▸ **Brief**
Copy, exactly and without additions, every line in the records below from the one holding "Santa Barbara Elopement" through the one holding "Perceel ZLW00-I-4020", both ends included.

Web page caption snippets
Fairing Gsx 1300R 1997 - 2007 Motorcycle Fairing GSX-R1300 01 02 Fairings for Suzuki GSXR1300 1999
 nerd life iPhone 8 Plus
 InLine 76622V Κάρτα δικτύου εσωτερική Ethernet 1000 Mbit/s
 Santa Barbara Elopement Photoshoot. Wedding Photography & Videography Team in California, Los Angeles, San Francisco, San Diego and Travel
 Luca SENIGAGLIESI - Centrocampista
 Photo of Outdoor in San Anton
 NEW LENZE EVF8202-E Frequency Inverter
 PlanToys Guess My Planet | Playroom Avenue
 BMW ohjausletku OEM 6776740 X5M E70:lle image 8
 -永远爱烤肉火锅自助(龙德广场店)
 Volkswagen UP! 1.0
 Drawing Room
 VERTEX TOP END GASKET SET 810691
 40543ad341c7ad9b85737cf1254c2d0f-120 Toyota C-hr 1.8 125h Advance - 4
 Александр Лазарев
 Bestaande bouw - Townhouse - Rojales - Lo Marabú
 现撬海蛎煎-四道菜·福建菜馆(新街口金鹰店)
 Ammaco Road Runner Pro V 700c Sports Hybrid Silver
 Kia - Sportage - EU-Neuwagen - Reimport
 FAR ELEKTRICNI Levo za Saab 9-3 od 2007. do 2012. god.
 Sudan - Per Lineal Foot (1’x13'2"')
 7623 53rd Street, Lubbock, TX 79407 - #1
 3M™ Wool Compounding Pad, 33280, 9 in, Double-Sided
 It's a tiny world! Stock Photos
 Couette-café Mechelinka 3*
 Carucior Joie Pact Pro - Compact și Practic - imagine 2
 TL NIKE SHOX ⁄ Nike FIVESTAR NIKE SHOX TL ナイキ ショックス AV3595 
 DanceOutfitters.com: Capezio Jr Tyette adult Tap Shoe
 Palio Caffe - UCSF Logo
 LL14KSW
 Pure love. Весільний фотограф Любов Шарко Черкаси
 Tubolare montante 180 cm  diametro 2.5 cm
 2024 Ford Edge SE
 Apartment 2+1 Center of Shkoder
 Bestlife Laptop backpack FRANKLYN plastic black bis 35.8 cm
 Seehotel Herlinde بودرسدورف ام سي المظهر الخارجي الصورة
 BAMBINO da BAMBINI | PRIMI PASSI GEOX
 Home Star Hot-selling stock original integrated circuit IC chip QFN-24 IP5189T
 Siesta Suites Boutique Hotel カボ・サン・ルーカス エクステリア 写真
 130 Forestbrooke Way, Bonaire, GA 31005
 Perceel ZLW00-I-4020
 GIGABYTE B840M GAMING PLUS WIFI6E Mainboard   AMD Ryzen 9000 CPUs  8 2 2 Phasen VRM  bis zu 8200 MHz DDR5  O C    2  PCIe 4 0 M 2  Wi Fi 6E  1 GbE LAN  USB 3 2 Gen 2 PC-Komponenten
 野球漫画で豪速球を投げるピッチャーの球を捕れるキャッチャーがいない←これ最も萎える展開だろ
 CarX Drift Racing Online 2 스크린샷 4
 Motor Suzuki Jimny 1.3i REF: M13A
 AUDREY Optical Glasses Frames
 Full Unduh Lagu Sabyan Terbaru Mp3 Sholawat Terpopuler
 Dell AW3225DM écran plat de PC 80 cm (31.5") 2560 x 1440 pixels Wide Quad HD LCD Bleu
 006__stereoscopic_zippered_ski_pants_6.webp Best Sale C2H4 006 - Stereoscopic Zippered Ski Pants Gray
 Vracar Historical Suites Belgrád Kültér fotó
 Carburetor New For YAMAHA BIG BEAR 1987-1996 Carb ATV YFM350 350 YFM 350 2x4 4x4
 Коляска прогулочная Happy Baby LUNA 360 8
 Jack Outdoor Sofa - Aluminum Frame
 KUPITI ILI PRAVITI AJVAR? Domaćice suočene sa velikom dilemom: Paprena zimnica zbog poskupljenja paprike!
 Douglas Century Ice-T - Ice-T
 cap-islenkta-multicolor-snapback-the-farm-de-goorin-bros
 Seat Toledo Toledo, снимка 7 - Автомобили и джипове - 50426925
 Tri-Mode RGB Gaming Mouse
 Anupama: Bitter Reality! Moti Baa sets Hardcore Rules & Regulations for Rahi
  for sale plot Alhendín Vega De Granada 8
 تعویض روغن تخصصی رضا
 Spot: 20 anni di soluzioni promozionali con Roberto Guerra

▸ **Result of the exercise**
 Santa Barbara Elopement Photoshoot. Wedding Photography & Videography Team in California, Los Angeles, San Francisco, San Diego and Travel
 Luca SENIGAGLIESI - Centrocampista
 Photo of Outdoor in San Anton
 NEW LENZE EVF8202-E Frequency Inverter
 PlanToys Guess My Planet | Playroom Avenue
 BMW ohjausletku OEM 6776740 X5M E70:lle image 8
 -永远爱烤肉火锅自助(龙德广场店)
 Volkswagen UP! 1.0
 Drawing Room
 VERTEX TOP END GASKET SET 810691
 40543ad341c7ad9b85737cf1254c2d0f-120 Toyota C-hr 1.8 125h Advance - 4
 Александр Лазарев
 Bestaande bouw - Townhouse - Rojales - Lo Marabú
 现撬海蛎煎-四道菜·福建菜馆(新街口金鹰店)
 Ammaco Road Runner Pro V 700c Sports Hybrid Silver
 Kia - Sportage - EU-Neuwagen - Reimport
 FAR ELEKTRICNI Levo za Saab 9-3 od 2007. do 2012. god.
 Sudan - Per Lineal Foot (1’x13'2"')
 7623 53rd Street, Lubbock, TX 79407 - #1
 3M™ Wool Compounding Pad, 33280, 9 in, Double-Sided
 It's a tiny world! Stock Photos
 Couette-café Mechelinka 3*
 Carucior Joie Pact Pro - Compact și Practic - imagine 2
 TL NIKE SHOX ⁄ Nike FIVESTAR NIKE SHOX TL ナイキ ショックス AV3595 
 DanceOutfitters.com: Capezio Jr Tyette adult Tap Shoe
 Palio Caffe - UCSF Logo
 LL14KSW
 Pure love. Весільний фотограф Любов Шарко Черкаси
 Tubolare montante 180 cm  diametro 2.5 cm
 2024 Ford Edge SE
 Apartment 2+1 Center of Shkoder
 Bestlife Laptop backpack FRANKLYN plastic black bis 35.8 cm
 Seehotel Herlinde بودرسدورف ام سي المظهر الخارجي الصورة
 BAMBINO da BAMBINI | PRIMI PASSI GEOX
 Home Star Hot-selling stock original integrated circuit IC chip QFN-24 IP5189T
 Siesta Suites Boutique Hotel カボ・サン・ルーカス エクステリア 写真
 130 Forestbrooke Way, Bonaire, GA 31005
 Perceel ZLW00-I-4020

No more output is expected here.